Thursday, January 25, 2018

St. Francis de Sales, Model Communicator-Pastor

St. Francis de Sales,

Model Communicator-Pastor


(ANS - Rome – January 24) – Gathering with the bishops of Peru last week, Pope Francis began his address speaking of the great bishop St. Turibius of Mogrovejo, proposing him as an example of a pastor: “He wanted to go to the other [river] bank in search of those who were far away and those who were missing. To this end, he had to leave the comforts of his episcopal see and travel across the territory entrusted to him, in continual pastoral visits, trying to reach and stay wherever he was needed.... Today we would call him a ‘street’ bishop – a bishop with the soles of his shoes consumed by walking, from encounters to announce the Gospel to everyone, in all places, on all occasions, without delay, without repulsion and without fear.”

Speaking of this pastor, the Pope reminds us of many pastors; among them St. Francis de Sales, an innovative man and communicator par excellence, who in his time sought the way to bring people to the faith with profound creativity; he is considered a tireless communicator of truth and the Gospel through his simple, handmade writings distributed door to door, house after house.

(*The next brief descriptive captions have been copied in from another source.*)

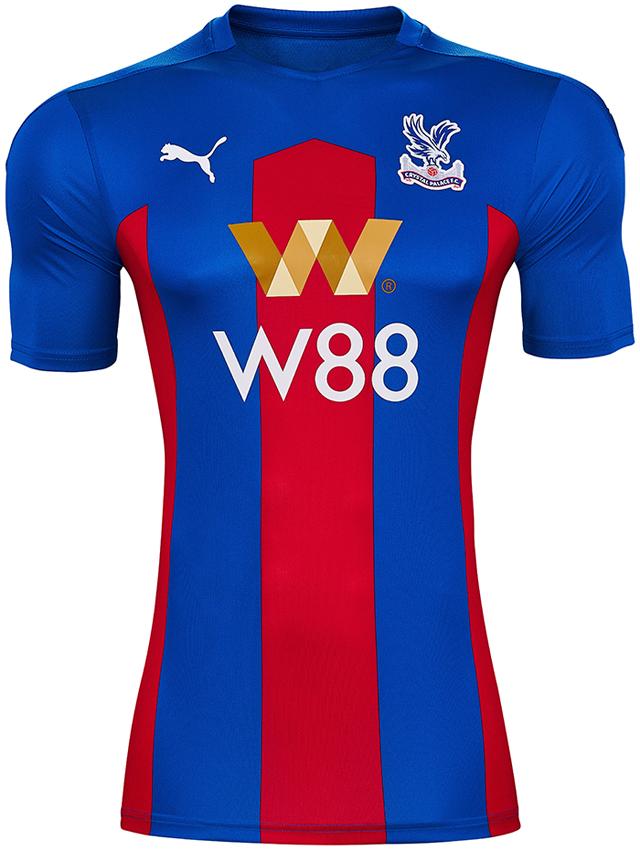 サッと見る！2020-21プレミアリーグ、「ホームユニフォーム」全まとめ｜写真6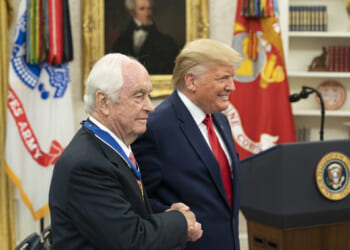 Freedom 250 To Bring IndyCar Racing To D.C. Streets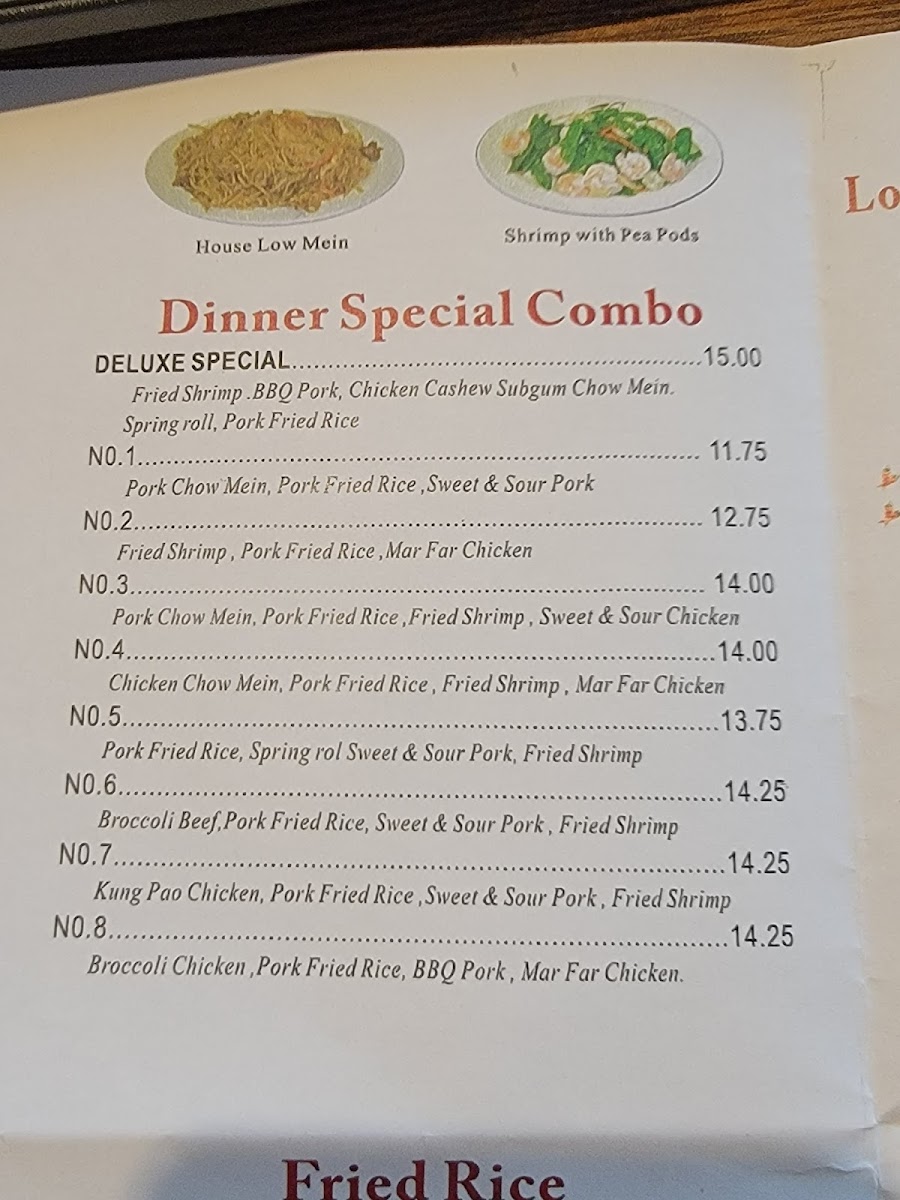Menu Photo 5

Like all great communicators, he had an understanding of the language of his time, understood the concerns and experiences of his people, discovered their deepest needs; from there, he arrived at the truth.

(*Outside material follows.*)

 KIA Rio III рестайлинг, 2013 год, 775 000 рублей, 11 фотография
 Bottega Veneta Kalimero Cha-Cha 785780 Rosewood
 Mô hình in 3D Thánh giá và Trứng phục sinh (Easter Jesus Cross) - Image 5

These communicators and pastors who did not refuse or fail to see the tensions of their time, nor the differences within their people, came to understand perfectly that words and writings are not enough; they also intuited that if we want to reach the hearts and minds of people and truly communicate with them, it is necessary to transform one’s own attitude of life, assume as one’s own those very same values one wishes to communicate.

St. Francis de Sales was aware that evangelization could not take place at any distance from charity; the best way to communicate the truth was to shape the gift of Jesus into his own life for the love of everyone and make of his own person and his own life the means of transmitting the message.

St. Turibius of Mogrovejo and St. Frances de Sales lived in different social contexts, but both men shared this profound intuition of understanding the reality of their time, capable of sharing questions and doubts, able to walk a path, free themselves from any presumption of omnipotence, and humbly put themselves at the service of the common good.

Both serve as examples and challenges for Catholic communicators everywhere as every era stands as an invitation to learn in order to speak “giving a reason for our hope” (1 Pet 3:15), to spread the Gospel as the Pope proposes today: denouncing social injustices, promoting the unity of the Church, and speaking the current languages of today’s young people.

Finally, both figures are examples of a Church that is constantly on the move, shepherds who wore out their shoes walking the streets and went wherever they were needed; both tried to reach the other shores, not only geographically, but existentially approaching those who were far away with the keen desire to meet and know them, to understand their needs, and to propose the Gospel to them.